INFORMATION SUPPLIED:
== Segment start ==

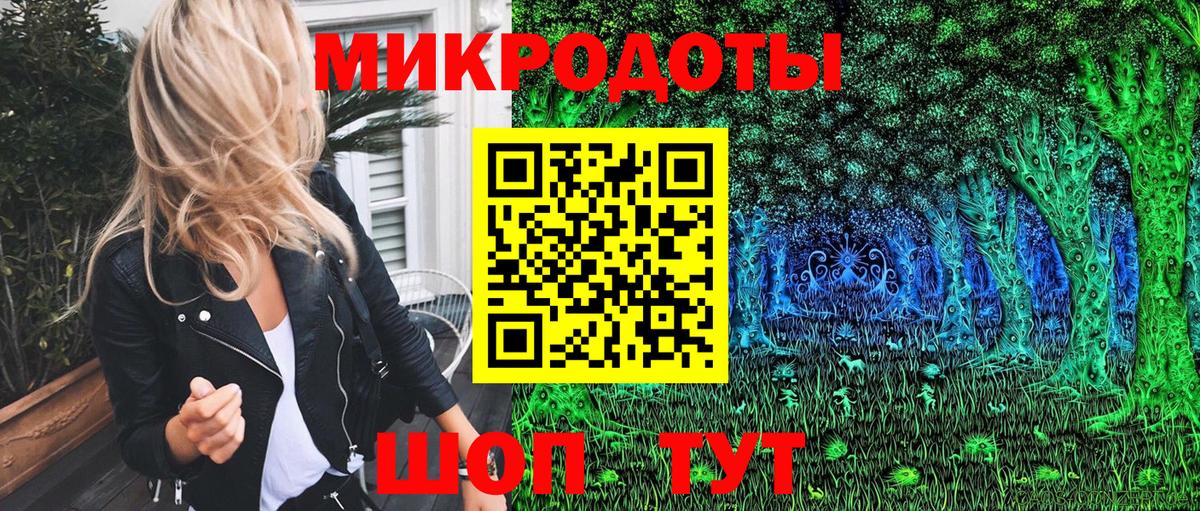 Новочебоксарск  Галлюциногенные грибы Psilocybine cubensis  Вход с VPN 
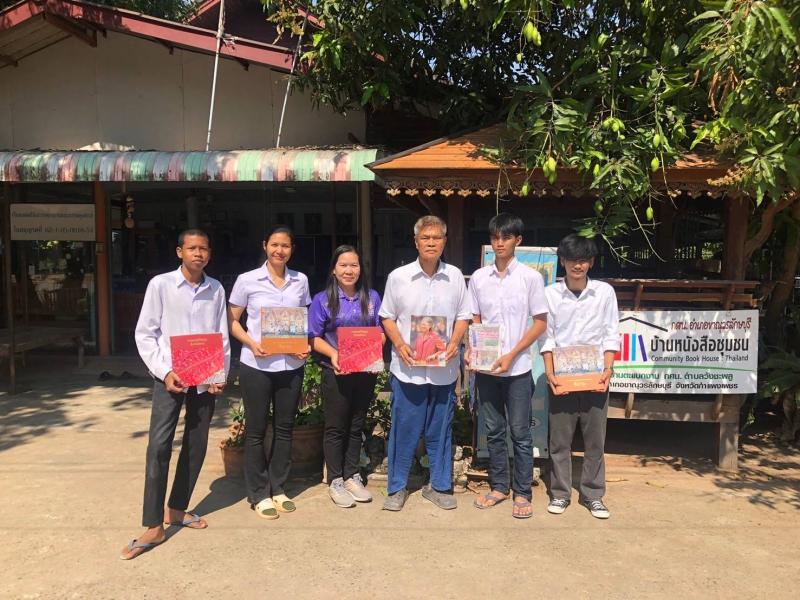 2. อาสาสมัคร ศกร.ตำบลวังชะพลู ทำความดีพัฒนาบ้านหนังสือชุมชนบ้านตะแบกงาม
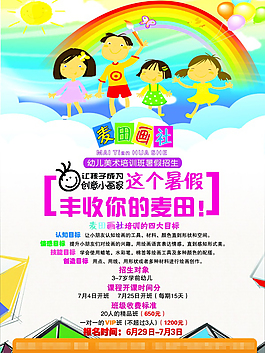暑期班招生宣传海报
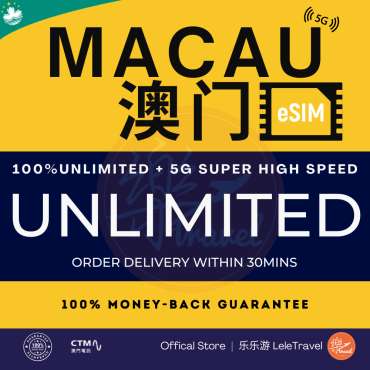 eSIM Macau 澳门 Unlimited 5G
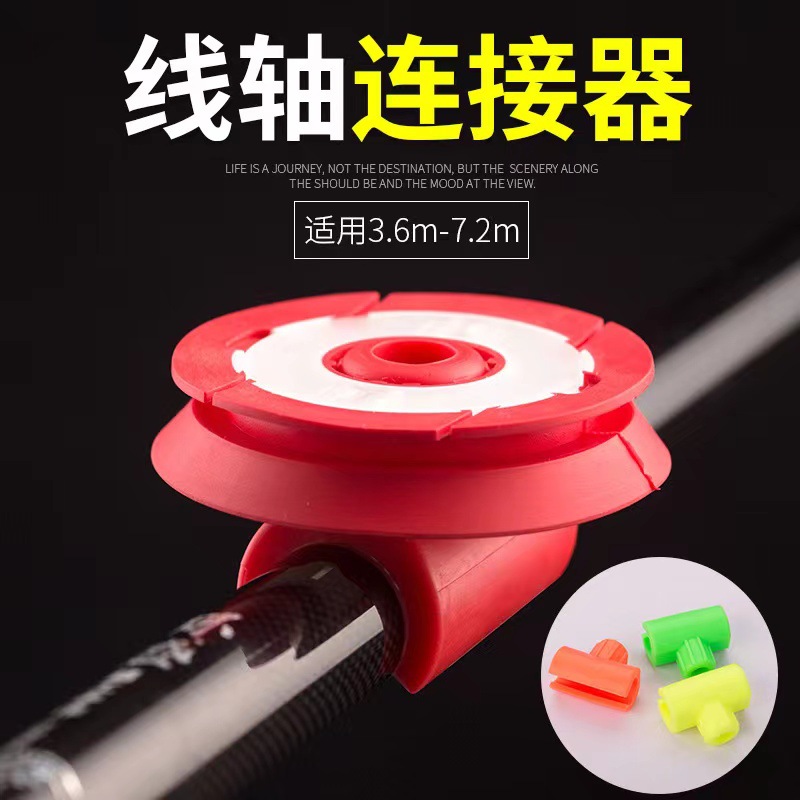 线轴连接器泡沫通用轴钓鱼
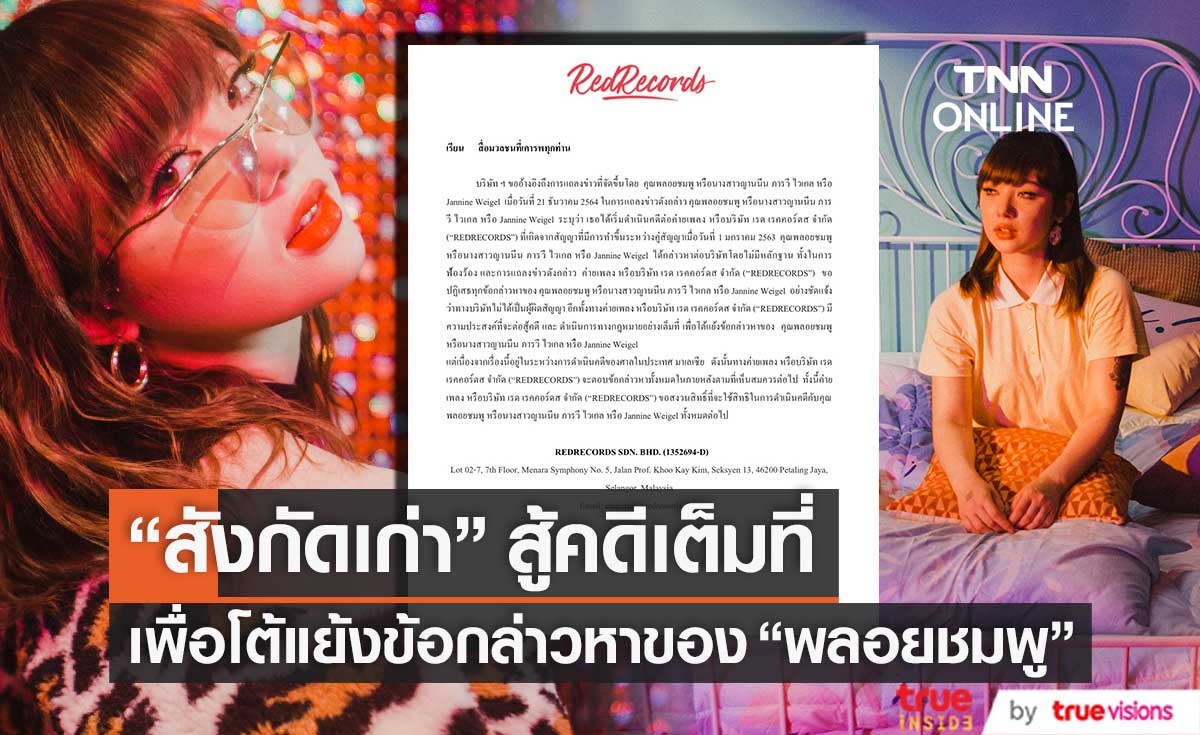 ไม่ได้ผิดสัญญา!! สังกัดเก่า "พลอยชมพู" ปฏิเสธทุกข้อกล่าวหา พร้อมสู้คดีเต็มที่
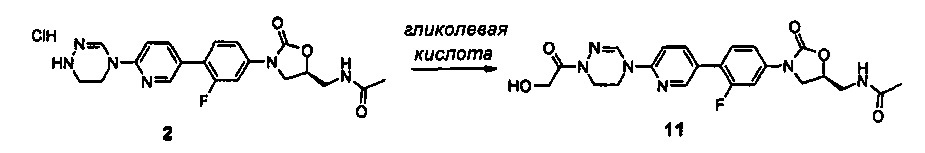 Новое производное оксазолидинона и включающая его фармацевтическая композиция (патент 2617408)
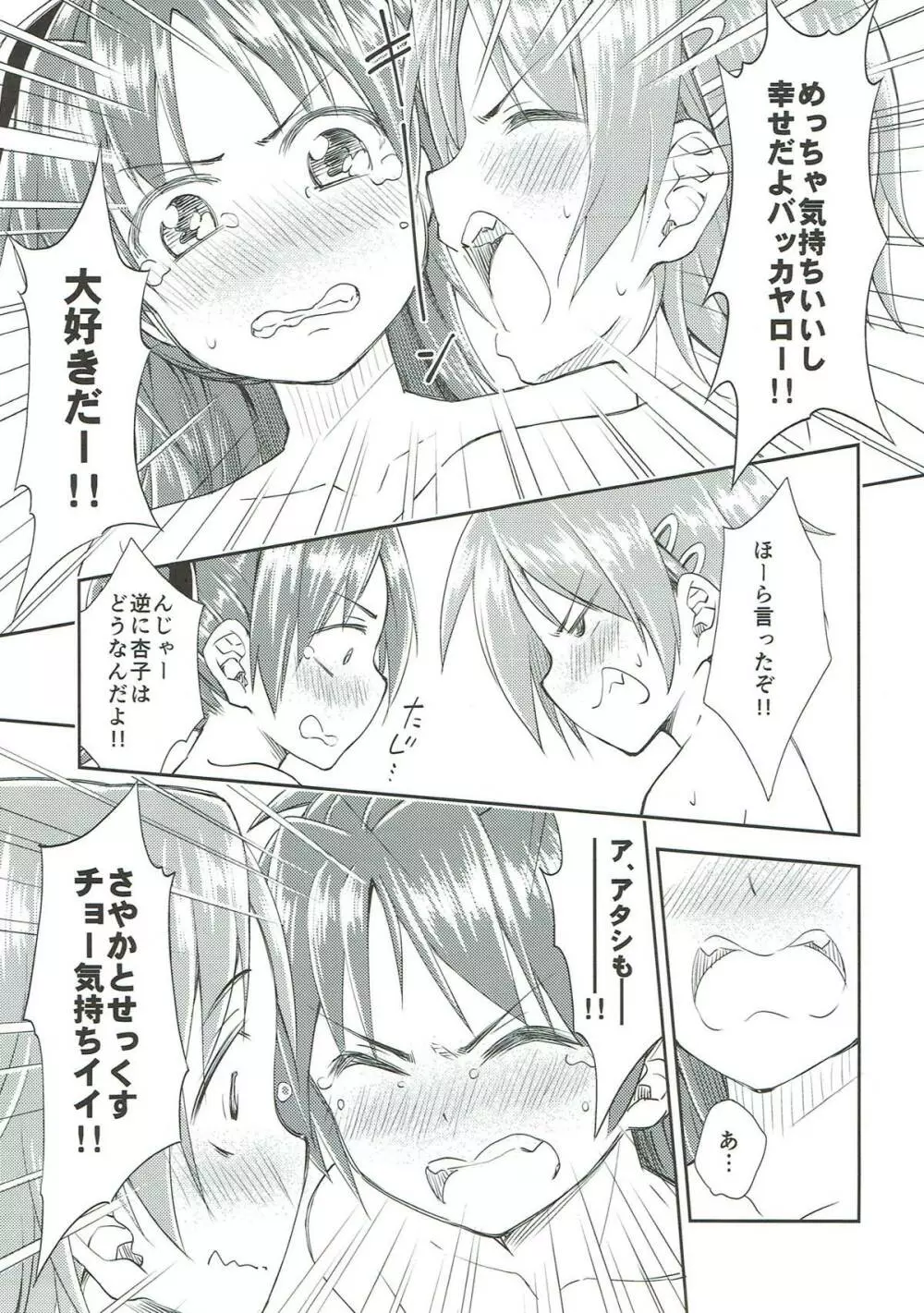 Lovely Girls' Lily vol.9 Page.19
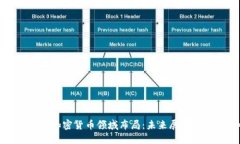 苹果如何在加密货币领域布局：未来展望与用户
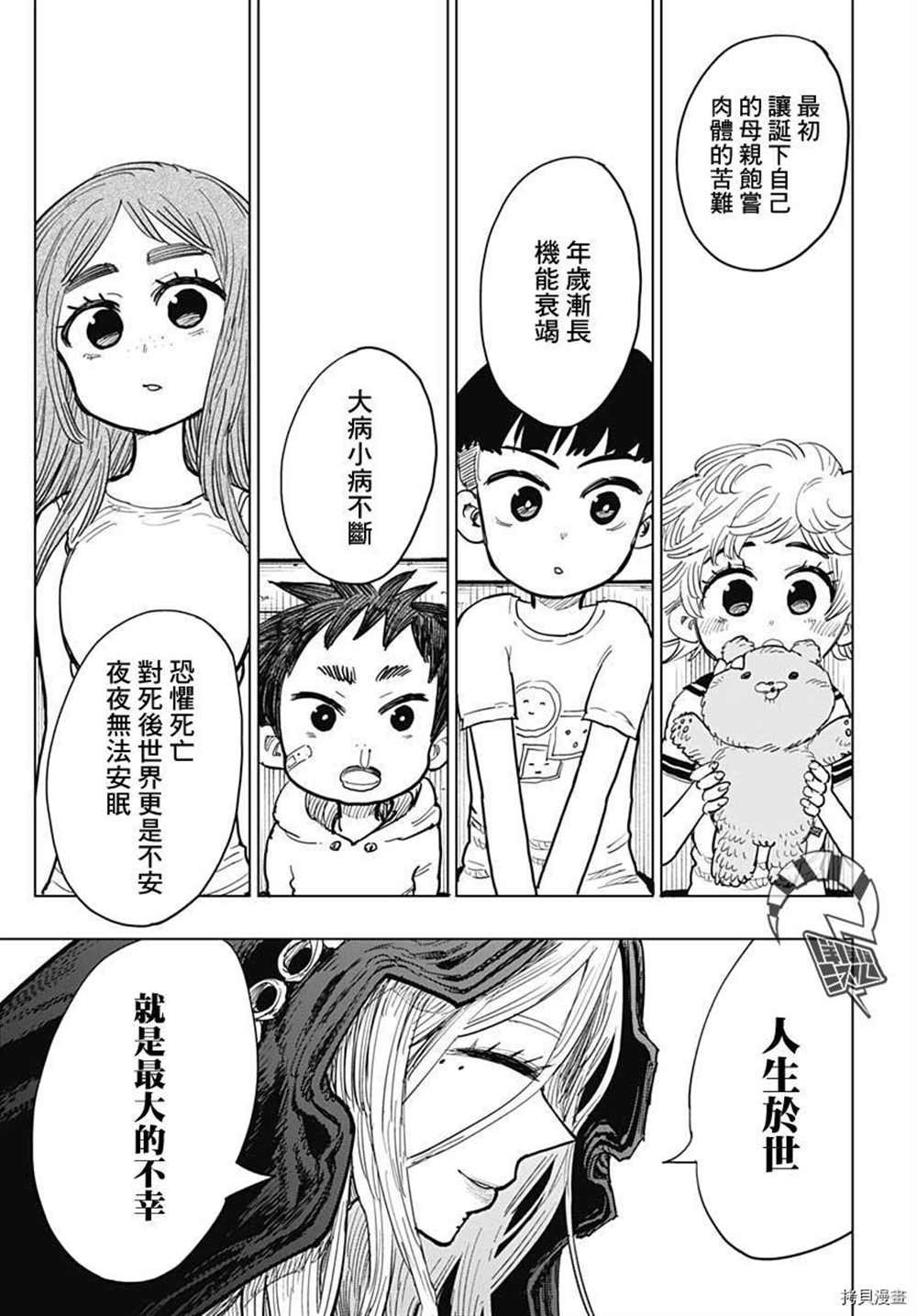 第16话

== Segment end ==

WHAT IS BEING ASKED:
Working from the line with "Новое производное оксазолидинона" to the last line of the material above, repeat each line exactly and leave out the pictures.

EXPECTED ANSWER:
 Новое производное оксазолидинона и включающая его фармацевтическая композиция (патент 2617408)
 Lovely Girls' Lily vol.9 Page.19
 苹果如何在加密货币领域布局：未来展望与用户
 第16话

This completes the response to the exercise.